A process science é um movimento internacional. Eu participei da BPM Conference 2020 que foi online e já estava se falando bastante sobre esse assunto, mas na verdade este termo foi cunhado em 2015. Existe um site internacional onde você pode conferir uma apresentação explicando vários detalhes sobre esse assunto e, caso se interesse, pode se cadastrar para ser notificado e participar das discussões. Hoje vamos explicar o porquê da criação deste termo, o que é e como se faz process science

Por que process science?

A área de processos é muito segmentada em diferentes disciplinas científicas: Administração, Engenharia de Produção, Ciência da Computação, Sistemas de Informação, Jurídico, Ciências Sociais. Então, existe uma pulverização entre as diferentes ciências quando se trata de processos. 

A gestão de processos é um conceito muito amplo e extremamente multidisciplinar. Envolve diferentes técnicas, instrumentos, ferramentas e perfis de profissionais. Então, a gente acaba realmente precisando ter os diferentes olhares para um processo e não ficar fragmentando e tentando entender o que cada área deve fazer em um processo. Já vimos que este tipo de estratégia não funciona muito bem.

Processos crescem além dos silos das disciplinas. Não se encaixam mais no controle de um dos silos. Já se tornaram um fenômeno por si próprios.

Os defensores da process science argumentam que o processo em si é o foco, ou seja, ele é o alvo. A ciência de processos vem para trazer realmente um foco no processo e entender que ele é maior do que qualquer disciplina e está constantemente evoluindo. Por isso, não pode ficar restrito ao escopo de uma área ou outra. As áreas podem aprender umas com as outras ao invés de fomentar uma segregação.

Percebemos que a área de BPM está sempre crescendo e trazendo novidades, então realmente esta fragmentação não favorece a exploração da multidisciplinaridade.

A criação da process science também busca chamar a atenção para a área, fomentando ainda mais o tema e levando um pouco mais de profissionalismo para essa área, além de incentivar as pesquisas e docência em BPM.

O que é process science?

Existem duas definições: a primeira definição foi criada em 2015, quando o termo foi cunhado pela primeira vez: 

“Uma disciplina mais ampla que combina conhecimento de tecnologia da informação e conhecimento das ciências de gestão para melhorar e executar os processos.” (VAN DER AALST e DAMIANI, 2015)

Essa definição tinha alguns pontos complicados: primeiro porque ela estava enfatizando duas áreas (gestão e tecnologia da informação) enquanto excluía as outras áreas. Ao mesmo tempo, não deixa tão explícita a questão da interdisciplinaridade. O segundo aspecto é que ela enfatiza muito duas fases do ciclo BPM (execução e melhoria).

A partir desta definição inicial, um grupo de pesquisadores internacionais foi evoluindo esta definição até chegarmos ao seguinte conceito para o termo process science:

Process science é o estudo interdisciplinar de processos visando entender, influenciar e projetar processos.” (VAN BROCKE, 2020)
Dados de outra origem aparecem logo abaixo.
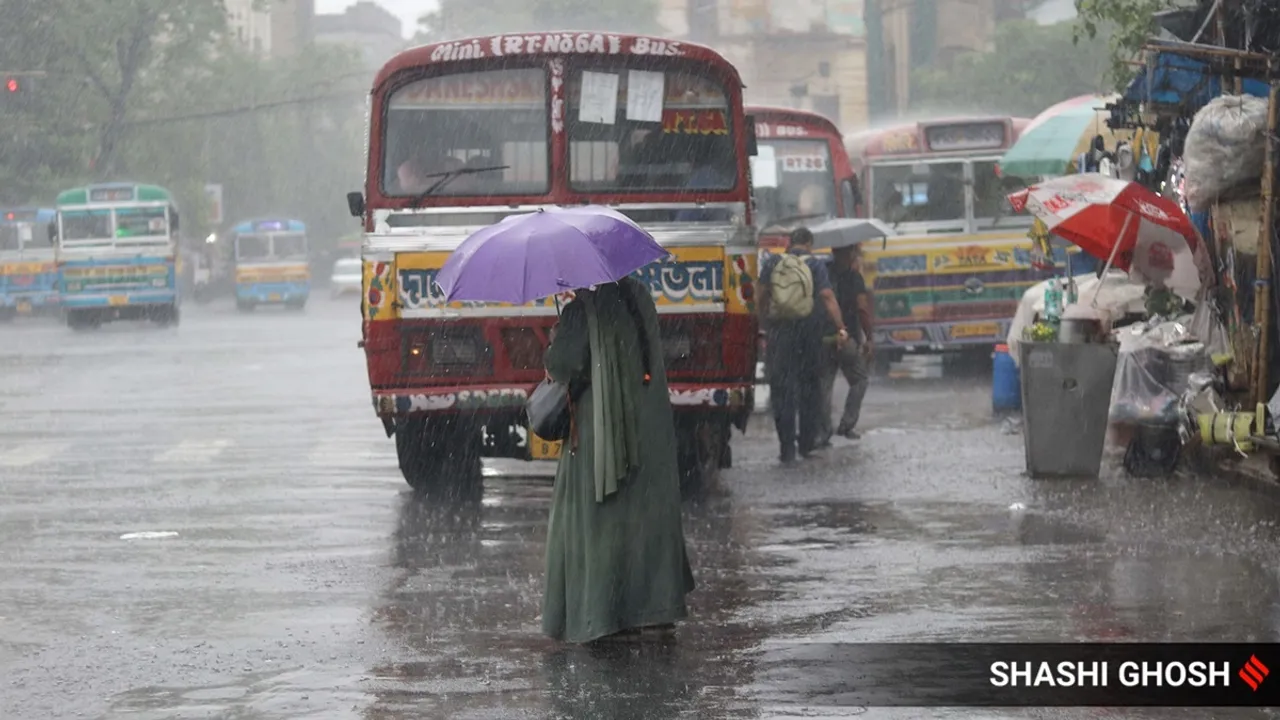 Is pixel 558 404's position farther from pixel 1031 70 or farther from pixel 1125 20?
pixel 1031 70

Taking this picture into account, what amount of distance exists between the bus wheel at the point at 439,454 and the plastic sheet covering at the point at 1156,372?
4214 millimetres

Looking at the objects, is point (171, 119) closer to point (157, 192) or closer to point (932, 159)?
point (157, 192)

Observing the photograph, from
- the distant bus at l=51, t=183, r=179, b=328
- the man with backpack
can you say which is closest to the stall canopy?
the man with backpack

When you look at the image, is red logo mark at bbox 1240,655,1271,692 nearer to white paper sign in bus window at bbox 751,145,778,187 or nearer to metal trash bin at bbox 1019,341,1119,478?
metal trash bin at bbox 1019,341,1119,478

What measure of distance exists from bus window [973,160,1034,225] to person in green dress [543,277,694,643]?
608 inches

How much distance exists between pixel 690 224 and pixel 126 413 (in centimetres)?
959

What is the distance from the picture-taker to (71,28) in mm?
54625

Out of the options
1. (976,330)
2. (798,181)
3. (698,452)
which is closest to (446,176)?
(698,452)

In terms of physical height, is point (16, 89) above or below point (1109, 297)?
above

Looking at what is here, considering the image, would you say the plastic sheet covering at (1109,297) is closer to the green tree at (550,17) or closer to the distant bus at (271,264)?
the distant bus at (271,264)

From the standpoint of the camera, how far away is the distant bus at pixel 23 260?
50531mm

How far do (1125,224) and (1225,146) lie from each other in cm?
117

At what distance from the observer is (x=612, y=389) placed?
798 cm

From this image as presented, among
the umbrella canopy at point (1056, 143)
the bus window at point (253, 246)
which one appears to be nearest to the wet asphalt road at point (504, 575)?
the umbrella canopy at point (1056, 143) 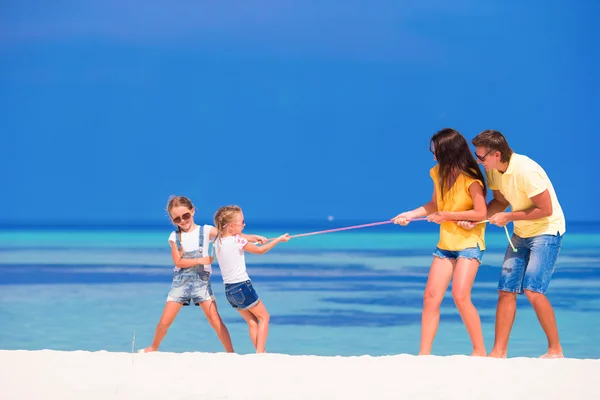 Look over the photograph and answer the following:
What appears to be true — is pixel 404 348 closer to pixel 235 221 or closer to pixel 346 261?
pixel 235 221

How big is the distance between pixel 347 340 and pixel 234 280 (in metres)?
1.93

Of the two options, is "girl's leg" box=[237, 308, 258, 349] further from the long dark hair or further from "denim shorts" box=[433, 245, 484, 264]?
the long dark hair

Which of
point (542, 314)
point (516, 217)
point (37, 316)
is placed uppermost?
point (37, 316)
Nesta segunda definição já vemos que aparece claramente a interdisciplinaridade, que sai o foco em áreas ou fases específicas.

Como fazemos process science?

Usamos método científico (incluindo métodos qualitativos e quantitativos) e podemos dizer em linhas gerais que temos quatro grandes maneiras de trabalhar com a process science

  1. Prescritiva: process science aplicada ao como fazer alguma coisa. Por exemplo, como modelar um processo?
  2. Preditiva: utilizando process science para prever o comportamento futuro de alguns processos. Por exemplo, quando executamos a simulação de processos.
  3. Descritiva: quando eu quero, por exemplo, apresentar o funcionamento de um processo em um determinado contexto ou um determinado momento do tempo.
  4. Explanatória: explicar, justificar, os motivos e os porquês de alguma coisa nos processos. Então quando eu me faço perguntas do tipo: por que os usuários não estão usando determinado processo? Eu vou hipotetizar e buscar respostas que expliquem esse tipo de comportamento, isso também é process science.
Como fazer Process Science

Conclusão

Vocês já imaginaram se essa ciência de processos realmente vingar, realmente colar no mercado de BPM? A gente começa a ter os profissionais chamados de cientistas de processos. O que você acha desse nome? Você acha que isso tornaria a atuação dos analistas de processos e dos consultores de processos mais atraente?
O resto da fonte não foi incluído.